# Assignment 8
#### Due November 11, 2020, 23:59

In this week’s assignment, we are going dive to dive back into graph theory and expand on the subject of network science.  
Graphs are powerful constructs with even more powerful mathematical properties that we can take advantage of when we can formulate our problems as a graph. This time around, we are interested in one network property in particular: the **local clustering coefficient** of a node.

## Submission
Edit and turn in this jupyter notebook file containing your solutions to each task.  
Implement your solution to each of the exercises in the code field below the exercise description.  

The libraries you may need are already given, any extra imports are not allowed.

___

### Local clustering coefficient
In this assignment, we want to calculate the local clustering coefficient of a node in an undirected graph. 

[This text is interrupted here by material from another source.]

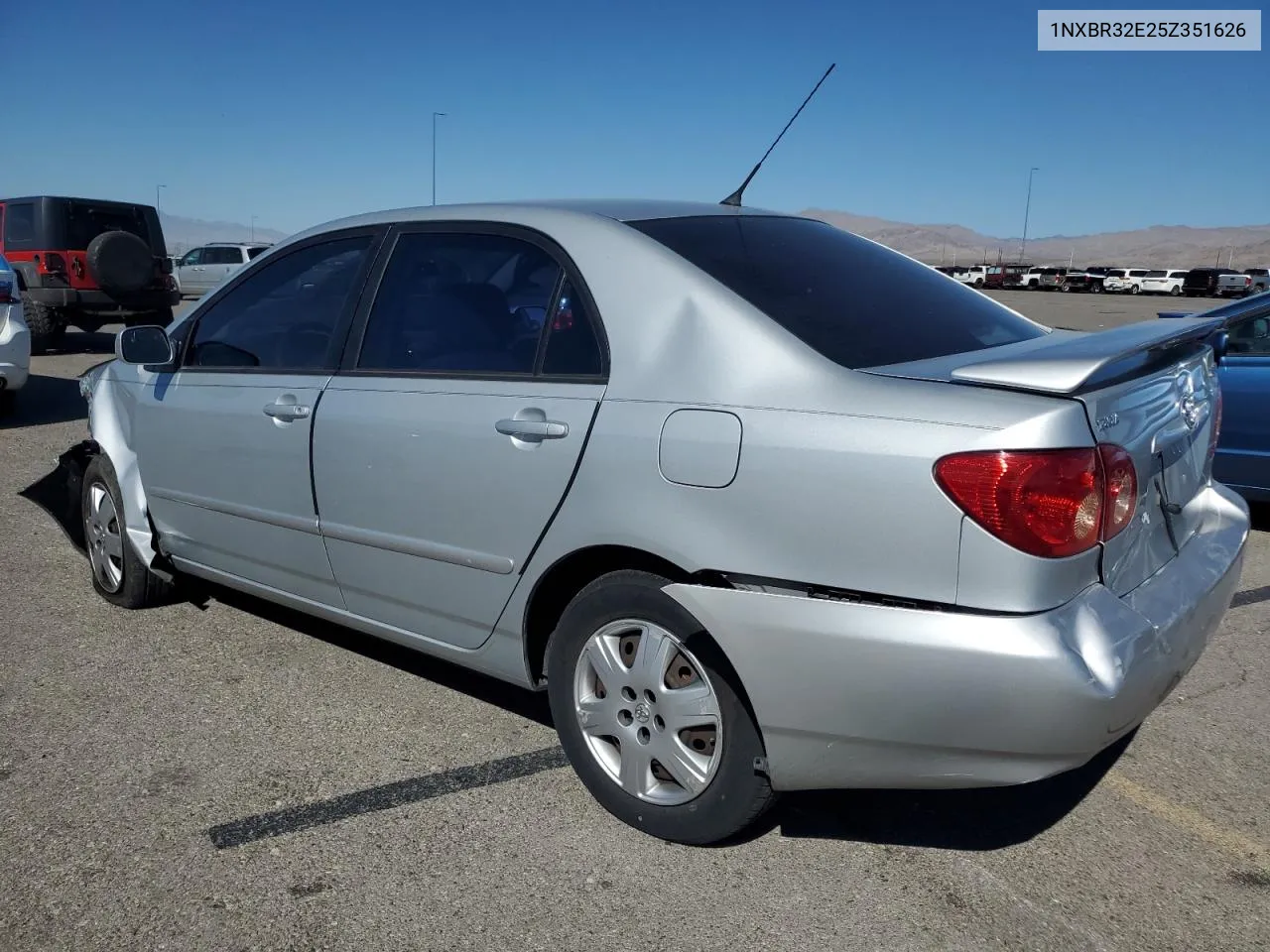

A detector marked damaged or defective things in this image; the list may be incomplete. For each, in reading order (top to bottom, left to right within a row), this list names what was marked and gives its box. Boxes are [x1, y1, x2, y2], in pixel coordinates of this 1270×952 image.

exposed wheel well [523, 547, 696, 690]
rear bumper dent [665, 479, 1249, 791]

Recall that an undirected graph consists a set of nodes that are connected to some extent, where all the edges that connect the nodes are bidirectional. 
Imagine, for example, a graph where the nodes represent people at a party pre-corona and there is an edge between two people if they shook hands. This example graph is undirected because any person, A, can shake hands with another person, B, only if B also shakes hands with A. This means that if A is connected to B, then B is also per definition automatically connected to A.

The intuition behind the **local clustering coefficient** metric is that it describes the connectivity of the neighborhood of a node. That is, the proportion of connections among its neighbours which are actually realised out of the number of all possible connections.

Imagine a person, A, that has three friends: B, C, and D. These friends are person A’s neighborhood. They all have in common that they are friends with A. However, they might not be friends with each other. The local clustering coefficient expresses how many of A’s friends are in fact also friends with each other. 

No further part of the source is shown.